The first improvement is kind of a meta-improvement. The WCAG 3.0 guidelines themselves will be written using plain language. Gone will be the days of explaining what plain language is, using documentation that is clearly not written in plain language. 

WCAG 3.0 introduces something called "assertions" to say what activities you did to meet guidelines that don’t fit neatly into a binary pass/fail. So, for example, to demonstrate your site’s content is readable and understandable, you can use an assertion to say you ran user accessibility testing or implemented training with your content writers.

The new spec also rethinks how compliance levels work. Right now, most laws point to Level AA, which means Level AAA criteria have gone largely ignored. WCAG 3.0 is being designed to better motivate organizations to improve their sites' accessibility beyond the baseline. We all know that accessibility work is a journey, and it sounds like WCAG 3.0 will really live that idea.

Lastly, WCAG 3.0 will have a larger focus on cognitive disabilities. That focus felt especially timely given another session I went to called "Designing for Optimal Cognitive Function." One of the presenters, Dr. Anne Forrest, shared her experience as a person with a traumatic brain injury. She described having an instantaneous negative reaction to a website that used black text on a yellow background. For her, seeing yellow or red colors in a design communicates a feeling of caution or danger. Her experience was documented in the book "Maximum Accessibility" by John M. Slatin and Sharron Rush (2002):

“Even after changing the style sheet to display white text on a blue background, this informant explained that for her, the multiple colors used to differentiate various sections of the form were simply additional information that she had to take into account. She reported that the "background" colors never receded into the background but remained in her consciousness and demanded attention each time she looked at the screen. The effect was to siphon off energy that she would rather have used to read the items on the form and to make the decisions that judging requires.”

The range of what "accessible" means for people with cognitive disabilities is vast. Color, layout, information density, motion, language complexity: all of it varies enormously from person to person. I'm hopeful that WCAG 3.0 will give designers and developers clearer guidance for navigating this landscape.

Document Accessibility (PDFs, Presentations, and Training)

The conference inspired me to create a personal goal for the year: earn IAAP's Accessible Document Specialist (ADS) certification. While the focus of my career has been web technologies, I produce a lot of presentation decks and training materials in my work these days. So when I was picking sessions at AccessU, I looked  for sessions about PDF remediation, accessible presentations, and training formats.

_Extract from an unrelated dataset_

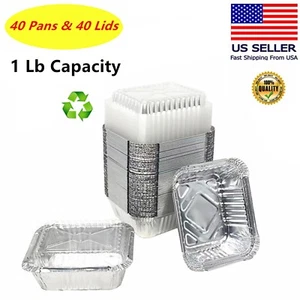 40 Pack Food Storage Take Out Containers With Lids Disposable Foil Drip Pan Tray - Picture 1 of 7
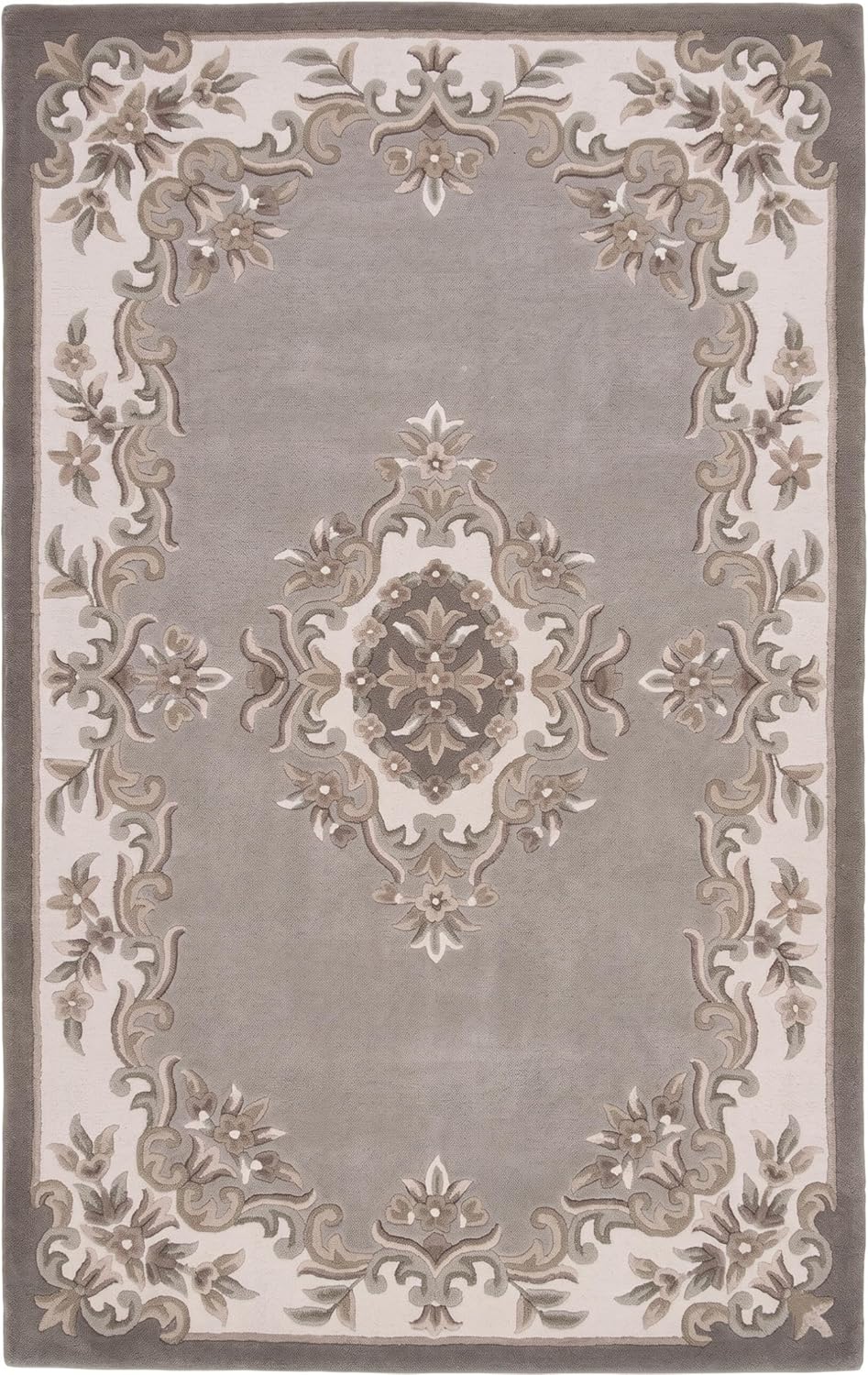 Handmade Traditional Wool Rug | Floral Medallion Border Design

The first thing I learned was that the accessibility community does not like PDFs. Many folks started their careers in digital accessibility by doing PDF remediation, and the stories of long days spent remediating documents, only to have them replaced by a new version with a fresh crop of accessibility errors, were enough to make anyone sympathize. But PDFs aren't going anywhere, and understanding how to make them (and presentations and training sessions) accessible will be an increasingly important part of my work at Capellic.

I picked up a lot of practical strategies from these sessions that I'm planning to write about separately as I work toward that certification. For now, I'll just say: if you've ever agonized over whether your slide deck or PDF is actually usable by everyone, you're not alone, and there are clear paths forward.

Maybe join me in Austin next year?

Everyone at AccessU seemed to share a goal of making our world more accessible. It was validating to talk to people who have faced similar digital accessibility barriers in their organizations and codebases.

I'm walking away with new skills and new ways of thinking, both to help me in my day-to-day work at Capellic and to prepare me for my next IAAP accessibility certification.

During one of the keynotes, civil rights attorney Eve Hill said we were all collectively pushing back against "thoughtlessness elevated into systems." I look forward to continuing that fight at Capellic, with our clients, and maybe with you in Austin next year.